His favorite holiday by far, Brawley resident Sergio Bastidas goes all-out every Halloween trying to top himself as he adds to his home's "cemetery" at 976 Eucalyptus Ave. Many of his items were made by hand, and Bastidas said he can spend months before October working on his ghastly creations. | PHOTO COURTESY OF SERGIO BASTIDAS
BRAWLEY — Sergio Bastidas is Halloween all year long.
With his long black hair and his often-black clothes, no matter the time of year or temperature, this 32-year-old Brawley resident and professional photographer lives for the macabre.
He spends much of the year thinking about and planning for that narrow window in time in which tombstones on the lawn are acceptable, a severed head is a thing to be admired and everything comes up pumpkins.
“I love Halloween. It’s the one time of the year I feel normal. All through the year I watch horror movies, and my friends tell me, ‘why don’t you watch something else?’” Bastidas said. “I’m spooky 24/7, 365 days a year.”
On Oct. 1, Bastidas’ home at 976 Eucalyptus Ave. in Brawley (he lives in a garage studio he rents from his mom and dad, who share the main house) started its annual resurrection as a shrine to all things scary, with nearly as many tombstones as a cemetery, a mausoleum, a life-sized coffin, and a set-sized replica of the scarecrow from the film, “Sleepy Hollow.”

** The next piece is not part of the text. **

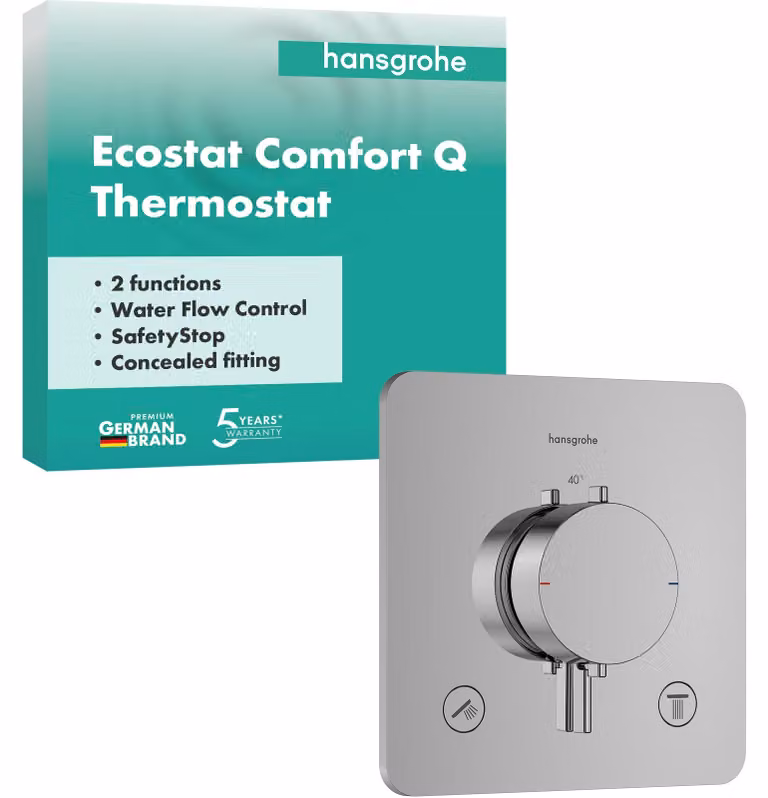 Termostato da incasso Ecostat Comfort Q, cromo, 2 funzioni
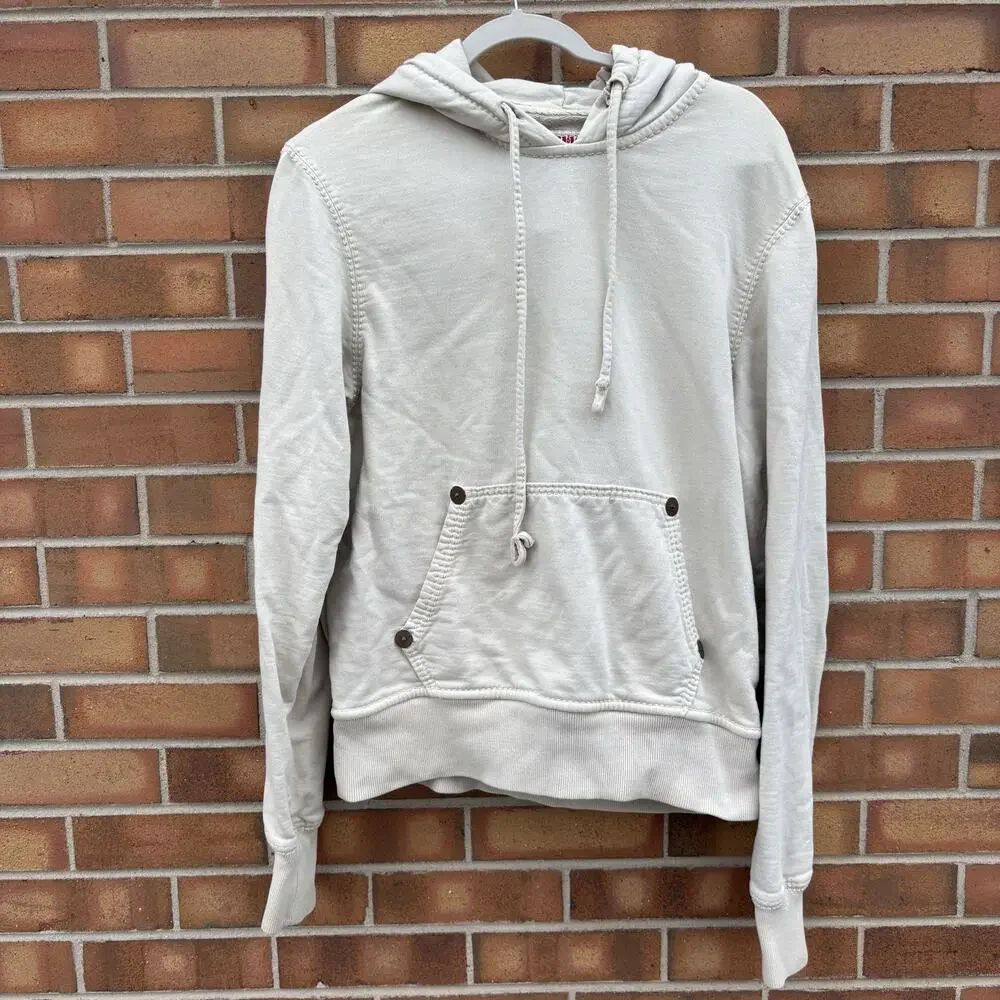 Y2K True Religion M Graphic Print Hoodie Sweatshirt Cream Streetwear Vtg Flaws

Already impressive, on Halloween night, Saturday, Oct. 31, Bastidas will take the décor and experience up a notch, adding some of his most-prized and safeguarded pieces, like an animatronic “Sam,” a central character from the horror film “Trick ‘r Treat,” between 15 and 20 hand-carved pumpkins, and a full-blown show of strobe lights, scary music and fog machines, to name just a few featured haunts.

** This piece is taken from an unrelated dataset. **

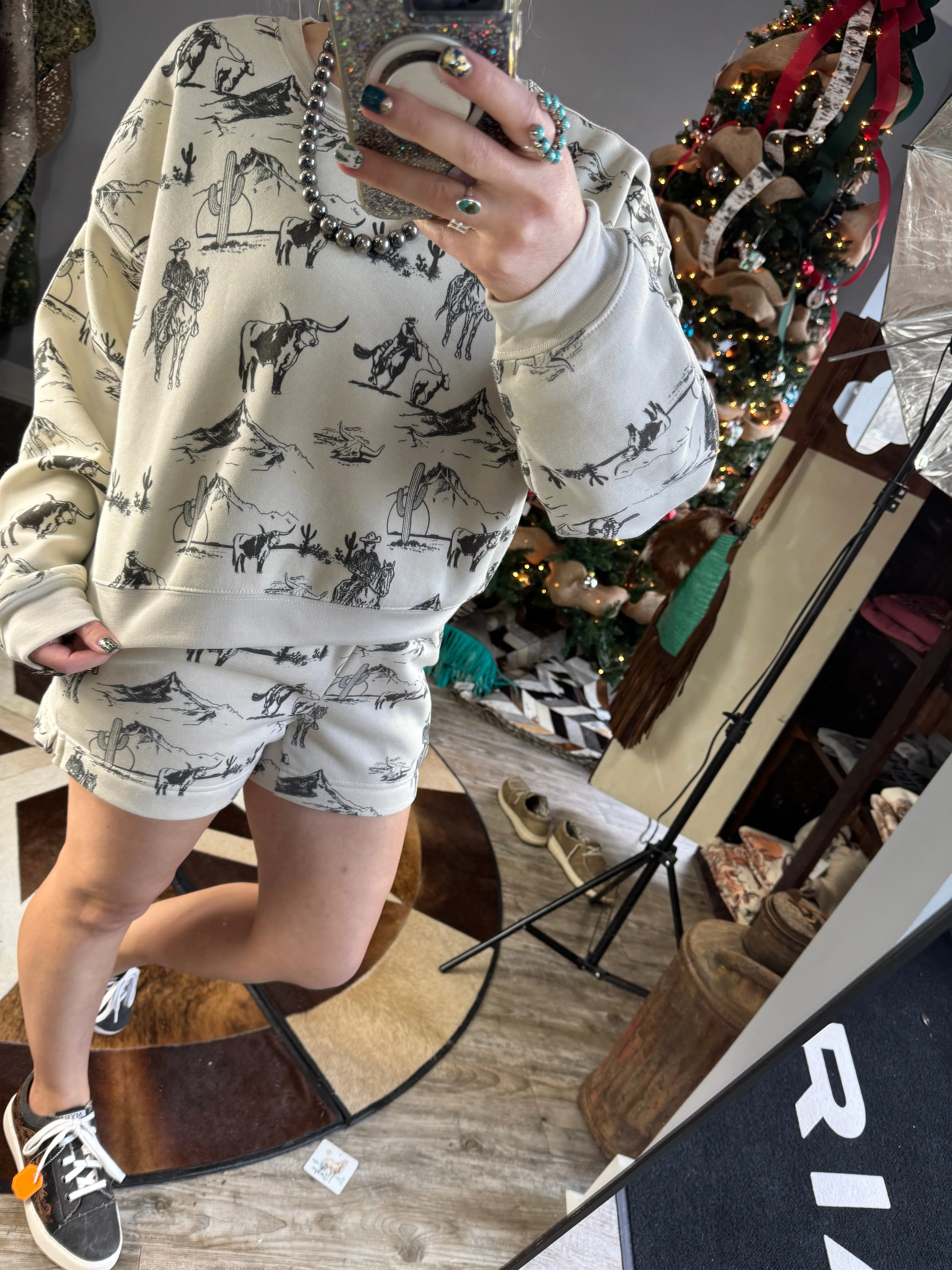 WESTERN PRINTED Sweatshort/Sweatshirt Matching Set
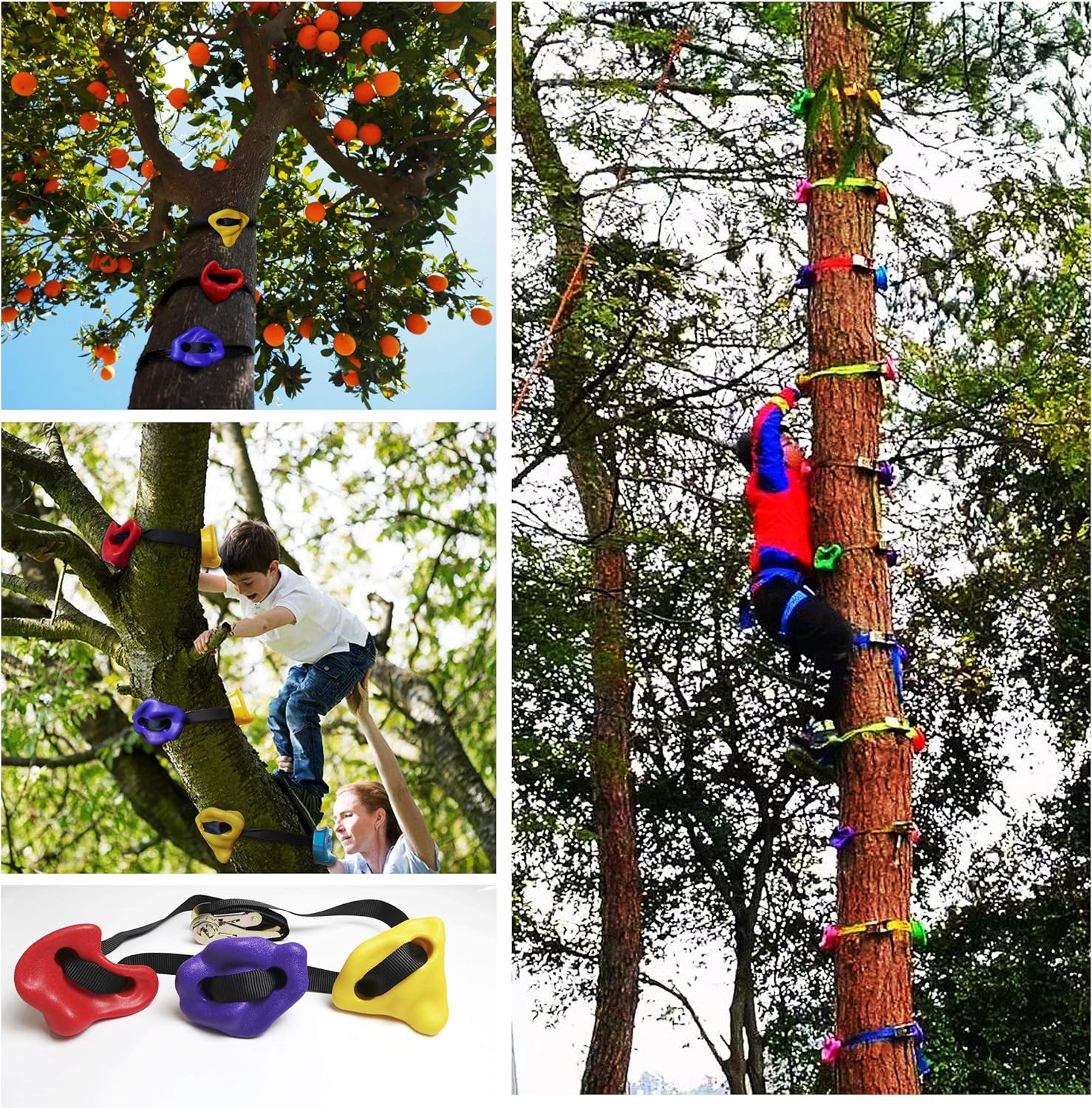 SSBRIGHT Tree Climbers, Set of 15 Climbing Holds/Steps for Kids' Outdoor Active Play with 6 Ratchet Straps: Toys & Games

And speaking of haunts, it should be said that Bastidas isn’t the only one in the Valley going all-out.
While he holds down the north end of the county as the perhaps the undisputed King of Halloween, the folks behind Mil Uno Haunts in Calexico are ruling the underworld — the decorated homes under (south) of Interstate 8, that is.
Since the beginning of the month, Mil Uno Haunts (check them out on Instagram @milunohaunts) has been staging its COVID-compliant Halloween show at 1001 Desert View Ave., where lights and projected images and synchronized music that can be picked up on motorists’ car radios on 101.5 FM have been thrilling those in vehicles or on foot.
The show has run nightly from 7 to 10 p.m. (with the exception of an exceptionally windy day earlier this week) all October and will continue through early November.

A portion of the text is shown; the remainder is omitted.